Quizás ya nadie se acuerda, pero antes, cuando los conciertos de rock estaban prohibidos -en ese otro país donde nacimos los que nacimos en Chilangolandia hace tres décadas-, nuestra única salvación era verlos en cine. Para los sureños la tierra prometida era un cine -el Pecime- sobre Avenida Universidad, donde aún hoy, en pleno 2010, una vieja cartelera anuncia un imposible estreno: Pink Floyd. The Wall (Parker, 1982) o Rattle and Hum (Joanou, 1988).

Parece, como decía yo, no sólo otro país, sino otro mundo: ahora los conciertos pasan en live stream (tiempo real) por internet, sin interrupciones y con pietaje de los ensayos, el «detrás de cámaras», y entrevistas con los creadores -todo en el mismo sitio web, a un click de distancia.
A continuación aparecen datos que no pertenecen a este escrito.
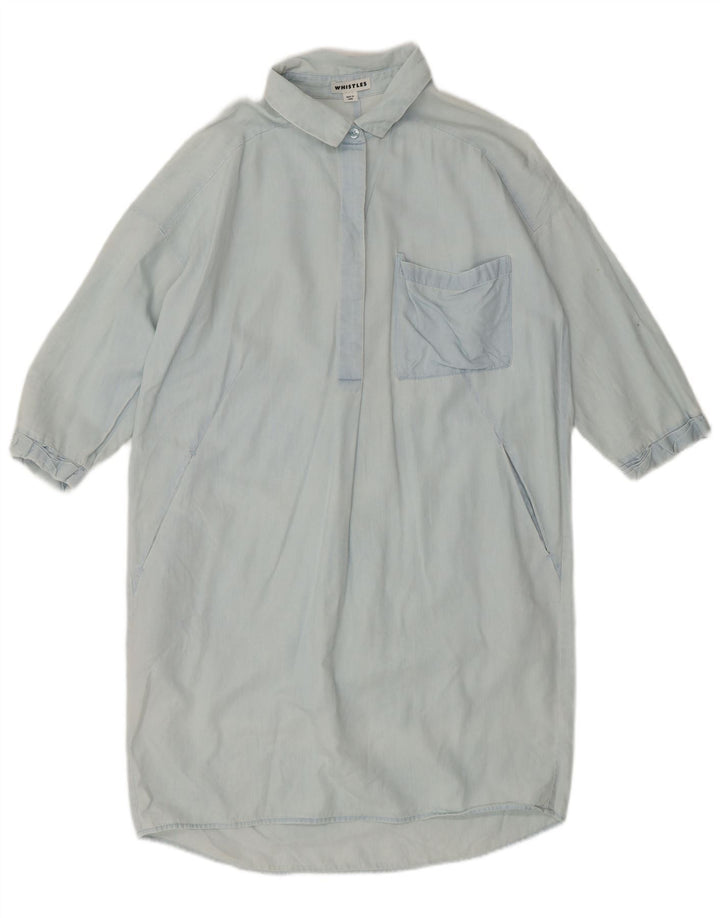 Abito camicia pullover vestibilità ampia da donna Whistles UK 10 piccolo cotone blu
ahora los conciertos pasan en live stream (tiempo real) por internet, sin interrupciones y con pietaje de los ensayos, el «detrás de cámaras», y entrevistas con los creadores -todo en el mismo sitio web, a un click de distancia.

En el último ejemplo de estos primeros experimentos con el live stream -hablo por supuesto del grandioso concierto de The Arcade Fire en Madison Square Garden, dirigido por el cineasta Terry Gilliam (12 monkeys, The imaginarium of Dr. Parnassus, entre otras maravillas, de quien se rumora una visita a México para el próximo Festival de Morelia)- ni siquiera tuvimos que reventarnos ningún comercial: el patrocinador tuvo el buen gusto de poner sólo un aviso al inicio de la transmisión y luego nos dejó tranquilos.
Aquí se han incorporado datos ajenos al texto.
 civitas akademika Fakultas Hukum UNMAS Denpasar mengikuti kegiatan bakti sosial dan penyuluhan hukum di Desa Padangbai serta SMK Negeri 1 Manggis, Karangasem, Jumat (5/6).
Pero ni antes ni ahora una película puede sostenerse sólo de música: la imagen requiere un lenguaje y un ritmo propios. Lo sabe Bradley Beesley, el director de The Fearless Freaks (2005), el documental sobre el fantástico grupo estadounidense los Flaming Lips y lo sabe también uno de los mejores documentalistas de cine que hay sobre la faz de la tierra: Julien Temple, director de The Filth and the Fury (2000), sobre los Sex Pistols y que próximamente estrenará su muy esperado documental The Kinks: you really got me.